NeurIPS 2019
Sun Dec 8th through Sat the 14th, 2019 at Vancouver Convention Center
Reviewer 1
Recent theoretical work on analyzing Deep Neural Network training has focused on the evolutions of the over-parametrized neural network prediction errors under Gradient Descent. These evolutions can be neatly described in a matrix form. This paper found that the matrices can approximate an integral operator this is determined by the feature vector distribution only. Consequently, Gradient Method can be viewed as approximately apply the powers of this integral operator on the underlying function that generates the labels. Moreover, this paper also derives a new linear convergence rate on the new assumption of the underlying function. This analysis is derived from the integral operator approximation analysis above. This paper is well-organized and well-written. The novelty, clarity, and originality of this paper are quite great. This paper provides a new tool to understand why the basic Gradient Descent methods work very well on Deep Learing models and showed new convergence rates on the new assumptions of the underlying function and feature vector generation, which might be fit to situations in the real world.
Reviewer 2
One of the biggest reasons that I am not too thrilled about the submission is that the two-layer fully connected neural network model under consideration is off standard; the weights of the second layer is fixed to binary (i.e. +1, -1 with uniform scaling) and are not being updated via the gradient descent procedures.
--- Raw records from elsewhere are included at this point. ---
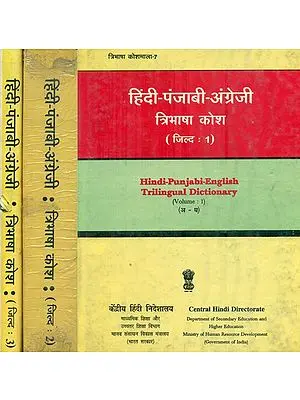 हिंदी पंजाबी अंग्रेजी : Hindi, Punjabi and English Dictionary in Set of 3  Volumes (An Old and Rare Book)
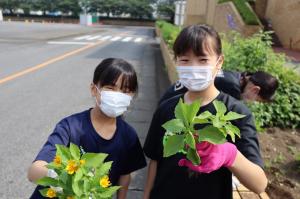 20220619草取り・種まき12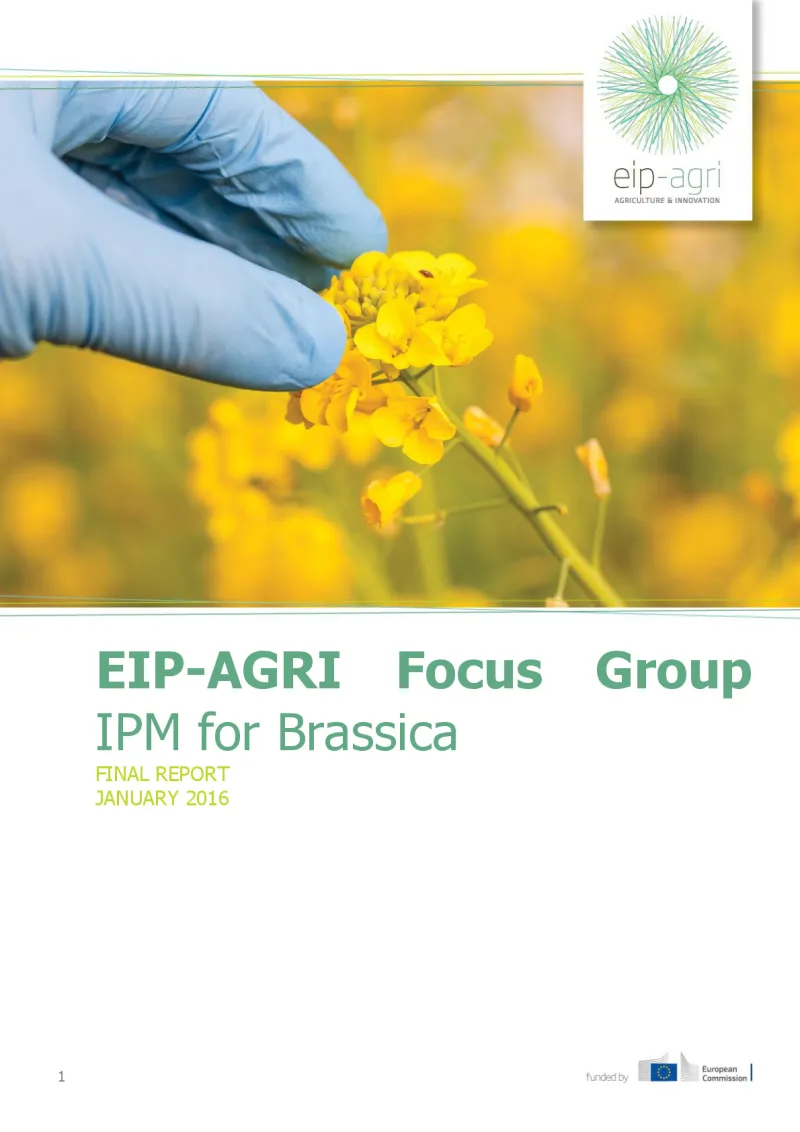 Focus Group IPM Brassica: Final report (English version)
Correct me if I am wrong; this assumption is neither commonly adopted in experiments nor identical to the comparable theoretical works such as [DLL+18] or [ADH+19]. If the authors are convinced of the significance or general applicability of the suggested framework, they should have taken more care communicating those to the audience. A relatively minor issue is about the significance of the c_1 term in Theorem 3. The authors nicely demonstrate that the constant c_1 satisfying (13) can be controlled via a sum whose dominating term is inversely proportional to (lambda_{m_l} - lambda_{m_l + 1}), which is later formalized to Theorem 4. (By the way, I had trouble locating a formal definition of eps(f^*,l). ) The question is, can we guarantee that the value is large enough to ensure the ignorability of the term c_1? I am particularly worried about this, as the authors have already mentioned that the spectrum of the random matrix concentrates as n grows, in line 145. Beside these issues, technical clarity and validity of the submission seems satisfactory, and the proof ideas would be of at least mild interest to the theoreticians concerned with deep learning. Plus, the authors do a nice job of criticizing the previous results. +) please do the grammar check, to remove the typos including: line 7, 'approximately apply'; line 32, 'prediction errors evolution'; line 32, 'neuronscience'; line 48, 'approximately apply' (stopped counting around here...).
Reviewer 3
This paper considers gradient descent as an operator on functions, and thereby obtains convergence guarantees in terms of the eigenvalues of that operator. A similar perspective, in a somewhat simpler setting, was studied in Vempala--Wilmes (2017). Convergence guarantees for empirical risk minimization where also obtained in the overparameterized setting in Arora et. al. (2019), among others. The authors observe that some previous convergence guarantees give rates that tend to zero as the number of examples increases. To avoid this problem, the authors introduce the assumption that the target function is well approximated by its projection to a small number of eigenspaces of the gradient operator. For example, the function could be a harmonic polynomial over the sphere with respect to the uniform distribution. In this case, the authors obtain linear convergence rate as long as the number of hidden units is at least quadratic in the number of examples. Overall, this is a pleasant paper, mathematically. However, its improvements over the existing literature are not dramatic. --- I thank the authors for their very careful response. I continue to believe this paper is worth accepting to NeurIPS and have slightly improved my score.